Al recordar las horas preciosas que había pasado en el huerto con Murat, le parecía que era la única vez en su vida que había sentido ternura en un hombre. ¿Se habría mostrado tan tierno si hubiese sido su marido? Nunca lo sabría. Teadora se lamió reflexivamente los dedos. Después se los lavó en un pequeño aguamanil de cobre, tomó una manzana y la mordió.

– ¿Te ha gustado la cena?

Ella levantó la cabeza, sorprendida, y vio que Murat había entrado en la tienda.

– Sí -respondió-, pero he estado muy sola. ¿Por qué no has comido conmigo?

– ¿Con una mujer? ¿Comer con una mujer? ¿Le dio alguna vez a mi padre por comer con sus mujeres?

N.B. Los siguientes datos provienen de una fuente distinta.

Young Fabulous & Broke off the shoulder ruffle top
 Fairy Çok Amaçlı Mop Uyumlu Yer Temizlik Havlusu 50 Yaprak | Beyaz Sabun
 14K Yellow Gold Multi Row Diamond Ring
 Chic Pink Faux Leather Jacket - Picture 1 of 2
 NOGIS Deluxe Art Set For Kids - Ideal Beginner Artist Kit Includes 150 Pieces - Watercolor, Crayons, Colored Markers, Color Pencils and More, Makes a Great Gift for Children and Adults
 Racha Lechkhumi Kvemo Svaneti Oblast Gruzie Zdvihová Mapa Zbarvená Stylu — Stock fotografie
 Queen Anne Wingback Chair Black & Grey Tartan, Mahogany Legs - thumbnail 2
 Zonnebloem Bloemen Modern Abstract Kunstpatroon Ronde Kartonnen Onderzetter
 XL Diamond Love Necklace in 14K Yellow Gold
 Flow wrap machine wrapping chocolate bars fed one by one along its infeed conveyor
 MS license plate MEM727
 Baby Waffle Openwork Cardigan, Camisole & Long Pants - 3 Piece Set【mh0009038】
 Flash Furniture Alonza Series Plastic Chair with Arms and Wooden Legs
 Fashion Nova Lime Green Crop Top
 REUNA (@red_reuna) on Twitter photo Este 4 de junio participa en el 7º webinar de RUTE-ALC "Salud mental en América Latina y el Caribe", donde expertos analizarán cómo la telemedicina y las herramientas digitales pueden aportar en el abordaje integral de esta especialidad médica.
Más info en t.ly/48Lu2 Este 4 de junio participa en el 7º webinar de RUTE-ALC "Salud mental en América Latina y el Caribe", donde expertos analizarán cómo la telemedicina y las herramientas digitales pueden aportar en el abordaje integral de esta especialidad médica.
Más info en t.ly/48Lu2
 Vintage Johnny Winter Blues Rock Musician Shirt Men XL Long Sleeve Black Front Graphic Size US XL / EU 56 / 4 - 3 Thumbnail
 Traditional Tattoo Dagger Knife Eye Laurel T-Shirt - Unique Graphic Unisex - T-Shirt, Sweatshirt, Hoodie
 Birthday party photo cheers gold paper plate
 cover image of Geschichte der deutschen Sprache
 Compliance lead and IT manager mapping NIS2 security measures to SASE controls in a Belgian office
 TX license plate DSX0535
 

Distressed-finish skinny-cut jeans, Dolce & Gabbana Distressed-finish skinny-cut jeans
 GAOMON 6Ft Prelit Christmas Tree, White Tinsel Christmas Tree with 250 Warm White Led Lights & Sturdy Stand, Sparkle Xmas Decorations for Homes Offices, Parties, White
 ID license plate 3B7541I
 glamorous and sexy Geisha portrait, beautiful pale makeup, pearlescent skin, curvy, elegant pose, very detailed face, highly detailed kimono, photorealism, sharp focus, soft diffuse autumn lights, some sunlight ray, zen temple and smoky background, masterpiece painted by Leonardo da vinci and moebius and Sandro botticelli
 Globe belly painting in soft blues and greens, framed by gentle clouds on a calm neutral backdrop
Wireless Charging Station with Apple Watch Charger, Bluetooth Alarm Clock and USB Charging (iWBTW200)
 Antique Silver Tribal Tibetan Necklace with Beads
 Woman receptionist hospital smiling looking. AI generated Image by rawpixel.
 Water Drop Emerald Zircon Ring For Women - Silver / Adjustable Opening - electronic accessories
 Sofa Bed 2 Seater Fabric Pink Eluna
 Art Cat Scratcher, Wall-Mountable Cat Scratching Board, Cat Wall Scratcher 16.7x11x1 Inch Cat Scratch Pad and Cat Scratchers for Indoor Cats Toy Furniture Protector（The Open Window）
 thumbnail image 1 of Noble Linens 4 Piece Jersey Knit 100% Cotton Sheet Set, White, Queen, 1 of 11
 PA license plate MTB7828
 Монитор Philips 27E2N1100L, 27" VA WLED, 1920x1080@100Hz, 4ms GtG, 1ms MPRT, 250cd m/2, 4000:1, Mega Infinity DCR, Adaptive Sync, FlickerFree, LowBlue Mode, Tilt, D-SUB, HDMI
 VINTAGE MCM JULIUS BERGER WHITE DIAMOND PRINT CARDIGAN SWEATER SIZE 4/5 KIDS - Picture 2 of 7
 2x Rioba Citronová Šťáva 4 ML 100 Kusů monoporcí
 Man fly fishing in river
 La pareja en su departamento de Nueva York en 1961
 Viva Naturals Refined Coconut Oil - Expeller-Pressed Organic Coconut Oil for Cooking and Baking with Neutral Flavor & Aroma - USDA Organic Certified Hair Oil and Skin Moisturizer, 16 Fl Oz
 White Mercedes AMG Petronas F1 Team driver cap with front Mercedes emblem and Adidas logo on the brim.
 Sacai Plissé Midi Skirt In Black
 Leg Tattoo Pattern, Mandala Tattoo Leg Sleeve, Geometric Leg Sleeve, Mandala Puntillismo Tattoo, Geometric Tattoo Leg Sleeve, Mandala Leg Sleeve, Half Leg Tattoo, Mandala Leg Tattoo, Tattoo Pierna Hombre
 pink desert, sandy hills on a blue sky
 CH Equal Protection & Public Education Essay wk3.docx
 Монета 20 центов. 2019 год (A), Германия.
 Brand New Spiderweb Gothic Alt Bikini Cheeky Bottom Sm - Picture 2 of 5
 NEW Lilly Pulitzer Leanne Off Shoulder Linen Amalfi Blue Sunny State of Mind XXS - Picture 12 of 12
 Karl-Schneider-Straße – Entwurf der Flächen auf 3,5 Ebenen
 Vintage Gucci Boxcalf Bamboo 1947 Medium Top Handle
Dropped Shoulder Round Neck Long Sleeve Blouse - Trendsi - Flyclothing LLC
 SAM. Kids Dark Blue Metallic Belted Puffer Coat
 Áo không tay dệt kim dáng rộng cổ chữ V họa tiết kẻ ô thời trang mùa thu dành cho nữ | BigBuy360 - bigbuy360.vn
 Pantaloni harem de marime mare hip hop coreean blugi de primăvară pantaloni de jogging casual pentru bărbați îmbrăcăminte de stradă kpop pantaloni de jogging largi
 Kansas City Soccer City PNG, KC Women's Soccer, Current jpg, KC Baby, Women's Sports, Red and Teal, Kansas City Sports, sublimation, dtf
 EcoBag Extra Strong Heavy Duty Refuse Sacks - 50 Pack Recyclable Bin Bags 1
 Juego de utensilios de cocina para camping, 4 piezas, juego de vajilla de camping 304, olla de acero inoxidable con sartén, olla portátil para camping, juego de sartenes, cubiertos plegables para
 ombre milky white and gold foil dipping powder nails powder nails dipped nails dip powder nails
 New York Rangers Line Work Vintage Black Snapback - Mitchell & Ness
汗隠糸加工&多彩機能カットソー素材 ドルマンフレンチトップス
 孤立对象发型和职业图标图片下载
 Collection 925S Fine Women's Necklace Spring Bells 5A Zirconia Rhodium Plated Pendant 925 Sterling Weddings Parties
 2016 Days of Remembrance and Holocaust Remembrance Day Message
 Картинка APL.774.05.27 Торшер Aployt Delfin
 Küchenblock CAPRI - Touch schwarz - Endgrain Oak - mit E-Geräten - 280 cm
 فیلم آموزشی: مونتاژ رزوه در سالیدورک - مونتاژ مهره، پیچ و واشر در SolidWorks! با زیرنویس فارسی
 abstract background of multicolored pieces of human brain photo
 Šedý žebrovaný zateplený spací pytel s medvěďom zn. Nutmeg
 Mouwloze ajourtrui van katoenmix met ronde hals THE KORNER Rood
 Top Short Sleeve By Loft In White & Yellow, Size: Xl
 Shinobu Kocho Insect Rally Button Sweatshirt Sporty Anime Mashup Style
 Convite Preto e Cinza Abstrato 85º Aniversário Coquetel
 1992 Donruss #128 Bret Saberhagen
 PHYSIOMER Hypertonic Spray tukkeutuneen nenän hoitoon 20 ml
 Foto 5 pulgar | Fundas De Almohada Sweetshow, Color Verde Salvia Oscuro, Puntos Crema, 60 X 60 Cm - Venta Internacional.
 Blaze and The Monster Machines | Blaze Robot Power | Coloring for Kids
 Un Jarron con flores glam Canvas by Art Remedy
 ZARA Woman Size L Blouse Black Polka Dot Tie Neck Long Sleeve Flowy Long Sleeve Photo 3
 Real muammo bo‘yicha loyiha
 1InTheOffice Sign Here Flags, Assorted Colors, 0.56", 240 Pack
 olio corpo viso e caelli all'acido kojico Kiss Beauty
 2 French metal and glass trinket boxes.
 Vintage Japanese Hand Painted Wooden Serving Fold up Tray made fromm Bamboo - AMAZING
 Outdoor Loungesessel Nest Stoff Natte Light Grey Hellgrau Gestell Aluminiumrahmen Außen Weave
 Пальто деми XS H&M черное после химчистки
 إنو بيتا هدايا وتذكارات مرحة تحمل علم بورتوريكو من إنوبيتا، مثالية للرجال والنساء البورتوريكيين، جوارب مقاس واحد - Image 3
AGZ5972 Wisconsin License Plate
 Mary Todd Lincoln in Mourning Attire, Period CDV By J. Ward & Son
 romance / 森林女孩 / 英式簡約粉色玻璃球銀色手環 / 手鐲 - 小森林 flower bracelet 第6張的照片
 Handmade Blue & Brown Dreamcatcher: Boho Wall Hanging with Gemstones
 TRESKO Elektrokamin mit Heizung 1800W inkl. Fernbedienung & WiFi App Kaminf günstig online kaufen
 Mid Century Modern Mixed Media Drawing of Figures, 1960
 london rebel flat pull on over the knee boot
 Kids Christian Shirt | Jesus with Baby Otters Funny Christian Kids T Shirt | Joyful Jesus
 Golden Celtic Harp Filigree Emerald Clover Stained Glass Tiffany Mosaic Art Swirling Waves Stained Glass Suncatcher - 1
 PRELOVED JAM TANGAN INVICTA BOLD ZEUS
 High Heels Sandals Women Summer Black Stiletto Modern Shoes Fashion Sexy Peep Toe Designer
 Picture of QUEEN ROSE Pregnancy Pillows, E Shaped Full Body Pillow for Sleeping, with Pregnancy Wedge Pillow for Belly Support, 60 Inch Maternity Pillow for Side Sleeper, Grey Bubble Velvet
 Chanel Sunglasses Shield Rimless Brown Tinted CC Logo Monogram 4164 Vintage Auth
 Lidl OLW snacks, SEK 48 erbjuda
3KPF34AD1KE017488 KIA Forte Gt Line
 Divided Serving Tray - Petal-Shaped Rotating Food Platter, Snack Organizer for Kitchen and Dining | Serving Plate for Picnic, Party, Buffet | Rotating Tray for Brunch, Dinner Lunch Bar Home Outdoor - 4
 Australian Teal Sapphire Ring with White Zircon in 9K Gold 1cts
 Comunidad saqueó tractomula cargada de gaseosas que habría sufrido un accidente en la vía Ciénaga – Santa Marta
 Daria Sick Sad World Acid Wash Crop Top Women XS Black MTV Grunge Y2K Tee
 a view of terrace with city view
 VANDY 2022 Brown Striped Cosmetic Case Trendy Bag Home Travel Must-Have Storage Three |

– ¡Claro que no! Pero esto es diferente. Yo soy la única mujer aquí, y ni siquiera tengo una esclava que me haga compañía. Tú eres la única persona noble que me era asequible.

El rió entre dientes, recobrando su buen humor.

– Ya veo. Tú sólo quieres mi compañía porque ambos somos príncipes. No sabía que fueses tan presuntuosa, Adora.

– ¡No! ¡No! Me interpretas mal -protestó ella, ruborizándose.

– Entonces, explícate -la pinchó Murat, arrodillándose entre los cojines delante de ella.

Teadora levantó la cara adorable y le miró.

– Quería decir que, ya que nuestra situación es informal, pensé que habrías podido hacerme compañía mientras cenaba.

Él la miró a su vez, con sus ojos negros como el azabache, y antes de que la joven pudiese darse cuenta de lo que sucedía, la atrajo hacia sí y empezó a besarla. El mundo que la rodeaba estalló en un millón de centelleantes pedazos. ¡Oh, Dios mío! ¡Oh, Dios mío! ¡Su boca era tan dulce! El beso era tierno y, sin embargo, apasionado al mismo tiempo. Durante un minuto, ella se entregó por completo, saboreando su calor y su dulzura. Había pasado tanto tiempo, ¡tanto tiempo!

Entonces, al recobrar su peso, echó la cabeza atrás y murmuró frenéticamente:

– ¡No, Murat! Por favor, ¡no! ¡Esto está mal!

Él levantó la mano y enredó los dedos en los cabellos oscuros.

– Cállate, mi dulce Adora -le ordenó, y su boca volvió a apoderarse de la de ella. Pero esta vez la besó afanosamente, quemándole los labios, exigiendo salvajemente su completa rendición. Incapaz de dominar el deseo que crecía en su interior, ella levantó los brazos, le rodeó el cuello y lo atrajo entre los almohadones.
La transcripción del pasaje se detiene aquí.